Codex ユーザーが日常でぶつかる悩み
AI コーディングエージェントの Codex を使っていると、開発現場ならではの「あるある」な困りごとに直面しがちです。特に、複雑な repository や monorepo を扱う際、context や path 管理の煩雑さ、長時間の AI coding workflow でのストレスが積み重なります。そんな中で、作業に煮詰まったり、思わぬエラーや context ロストが起きると、つい気分が沈みがちです。

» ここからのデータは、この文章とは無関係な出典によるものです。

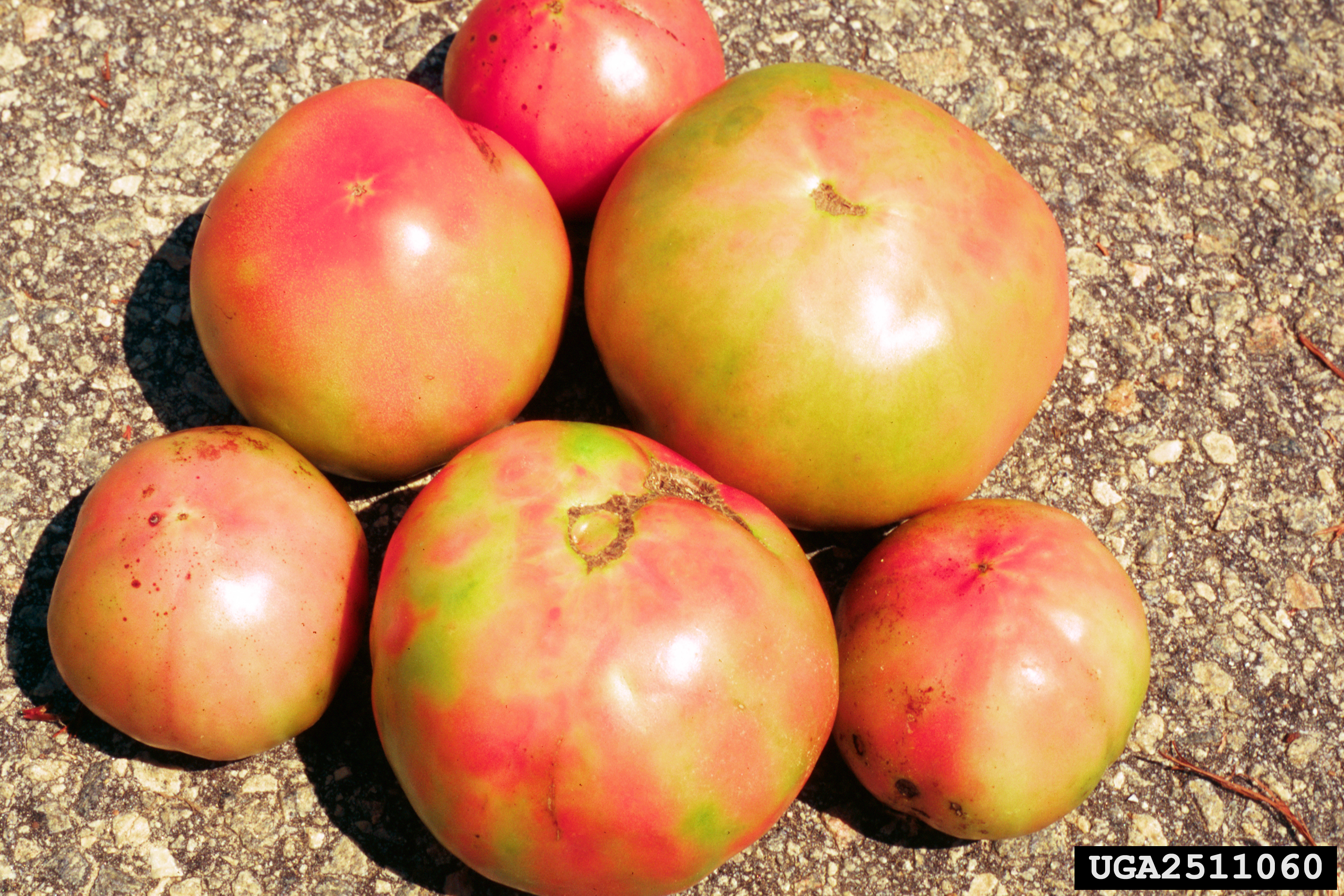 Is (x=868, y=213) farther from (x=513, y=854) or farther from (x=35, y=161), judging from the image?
(x=35, y=161)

- Codex が context を見失って違う場所のコードを参照する
- monorepo で package を跨いだ瞬間、Codex が repo 構造を忘れる
- session を再開すると、前回までの context や path 指定をまるごと再説明しないといけない
- 長時間 workflow で long context が膨らみすぎて、important な情報が薄まる (stale context)
- 「ここはこういう構造のリポジトリ」というあらすじを毎回チャットの冒頭で書く羽目になる
さらに、エラーやトラブル発生時に現場の緊張感が高まることも少なくありません。そんなとき、ちょっとした「和み」や「笑い」があれば、場の空気が和らぐのに…と感じることもあるでしょう。
この Skill が一言でいうと何を解決するか
一言サマリ: 開発現場のピリピリ感を一瞬で和らげる“謎の言い訳”通知Skill。
もう少し具体化すると、このSkillを入れることで以下のような状態になります:
- 長時間の AI coding workflow や repository understanding で煮詰まった気分を、ユーモラスな「OS言い訳通知」でリフレッシュできる
- エラーや context ロスト時に、深刻な空気を和ませてチームの心理的安全性を向上
- monorepo や複雑な directory 構造を扱う際のストレスを、クリエイティブな通知演出で軽減
- onboarding や session 再開時の「また説明か…」という気持ちを、ちょっとした笑いでリセット
- Skill の導入が簡単で、path management や memory を壊さず安全に遊べる
GitHub から degit でコマンド1行、Codex の Skill ディレクトリに展開できます。Node.js があれば即時に動きます。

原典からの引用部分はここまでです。